WHAT IS BEING ASKED:
Exactly as they appear, print the line with "Billede 7 - Lækker" and each line after it through the end of the entries below; leave out pictures.

====== DATASET ENTRIES

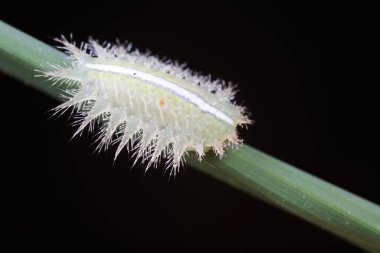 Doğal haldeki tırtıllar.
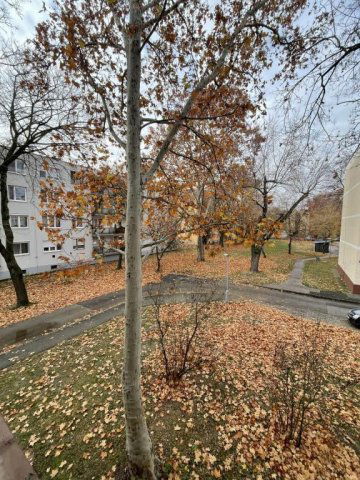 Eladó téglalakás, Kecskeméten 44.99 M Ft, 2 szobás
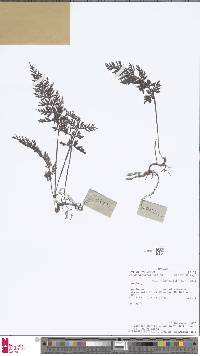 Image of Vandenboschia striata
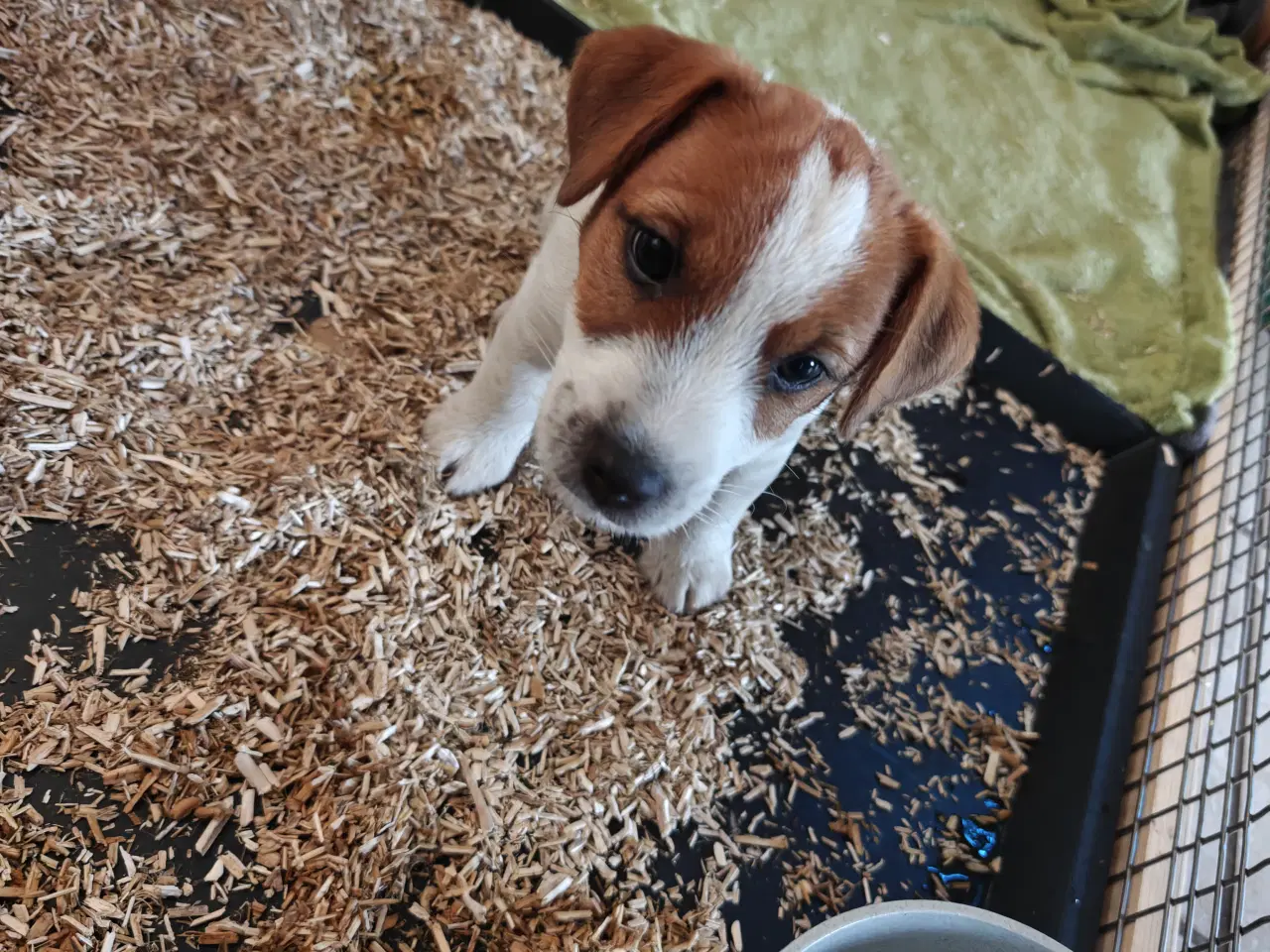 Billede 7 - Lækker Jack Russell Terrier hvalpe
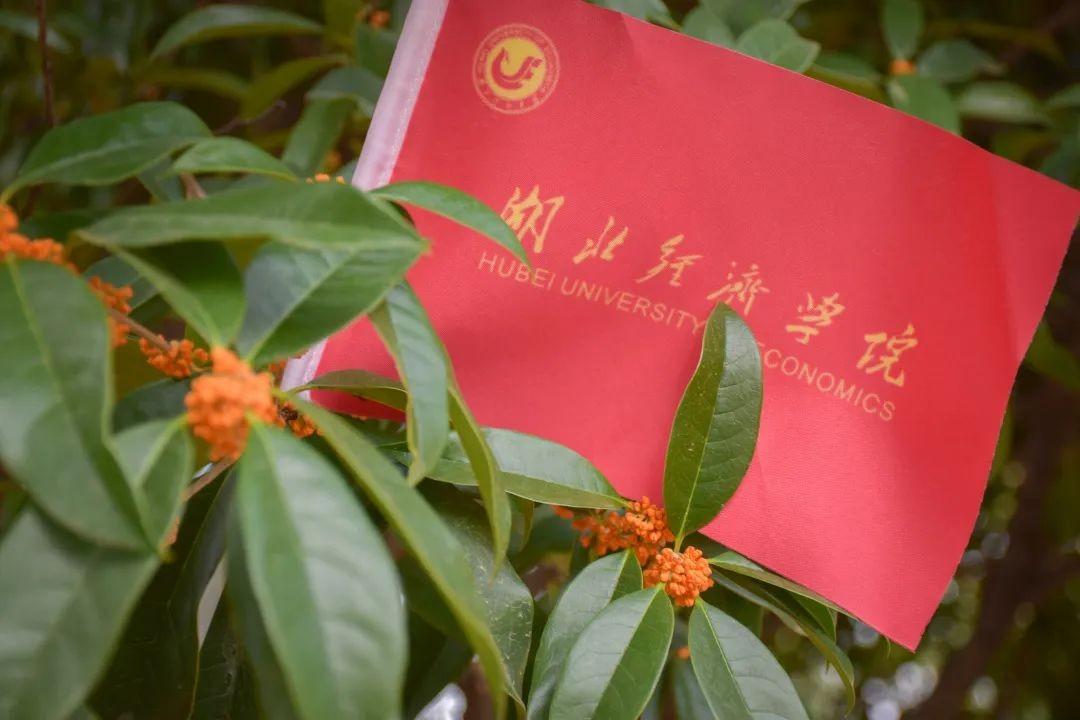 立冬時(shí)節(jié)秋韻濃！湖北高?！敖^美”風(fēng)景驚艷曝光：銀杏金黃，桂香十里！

============

ANSWER SPACE:
 Billede 7 - Lækker Jack Russell Terrier hvalpe
 立冬時(shí)節(jié)秋韻濃！湖北高?！敖^美”風(fēng)景驚艷曝光：銀杏金黃，桂香十里！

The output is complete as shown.